In his talk, Omer Bartov will present his recent book, Tales from the Borderlands: Making and Unmaking the Galician Past, a first-person history of Europe's eastern borderlands as seen through the eyes of the diverse communities that inhabited these regions for several centuries and were then murdered or forcibly removed in World War II. Bartov will also link this historical account to his new novel, The Butterfly and the Axe, which seeks to fill in the gap in the historical record of his own family's murder in Galicia.

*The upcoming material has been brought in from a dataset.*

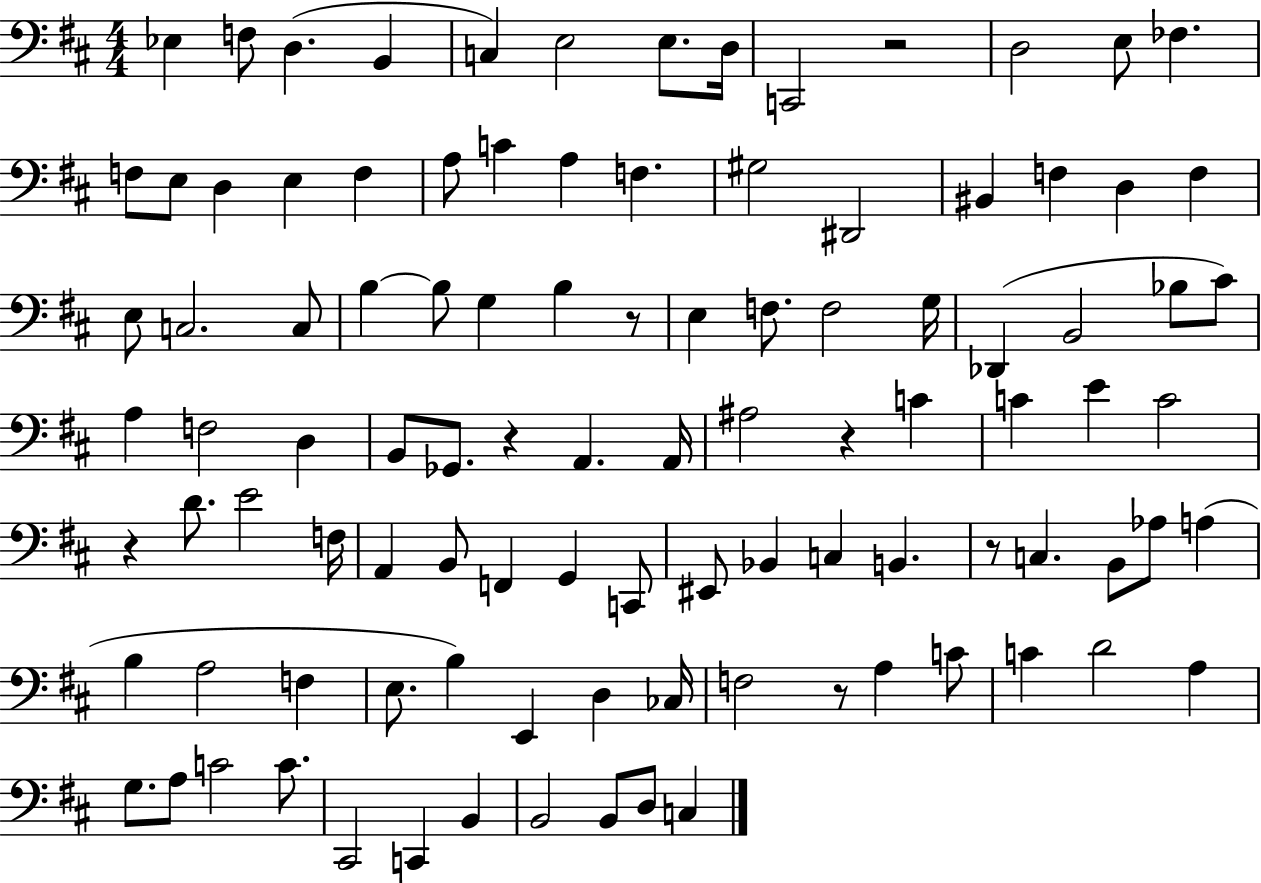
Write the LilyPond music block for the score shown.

Omer Bartov is Samuel Pisar Professor of Holocaust and Genocide Studies at Brown University and the author of nine books. His early research concerned the Nazi indoctrination of the Wehrmacht and the crimes it committed in World War II, analyzed in his books, The Eastern Front, 1941-1945, and Hitler's Army. He then turned to the links between total war and genocide, discussed in his books Murder in Our Midst, Mirrors of Destruction, and Germany's War and the Holocaust. Bartov's interest in representation also led to his study, The "Jew" in Cinema, which examines the recycling of antisemitic stereotypes in film. His more recent work has focused on interethnic relations in the borderlands of Eastern Europe. Recent publications include Erased: Vanishing Traces of Jewish Galicia in Present-Day Ukraine (2007), Anatomy of a Genocide: The Life and Death of a Town Called Buczacz (2018), winner of the National Jewish Book Award, and Tales from the Borderlands: Making and Unmaking the Galician Past (2022). His many edited volumes include Shatterzone of Empires: Coexistence and Violence in the German, Habsburg, Russian, and Ottoman Borderlands (2013), Voices on War and Genocide: Three Accounts of the World Wars in a Galician Town (2020), and Israel-Palestine: Lands and Peoples (2021). Bartov’s novel, The Butterfly and the Axe, will be published in January 2023.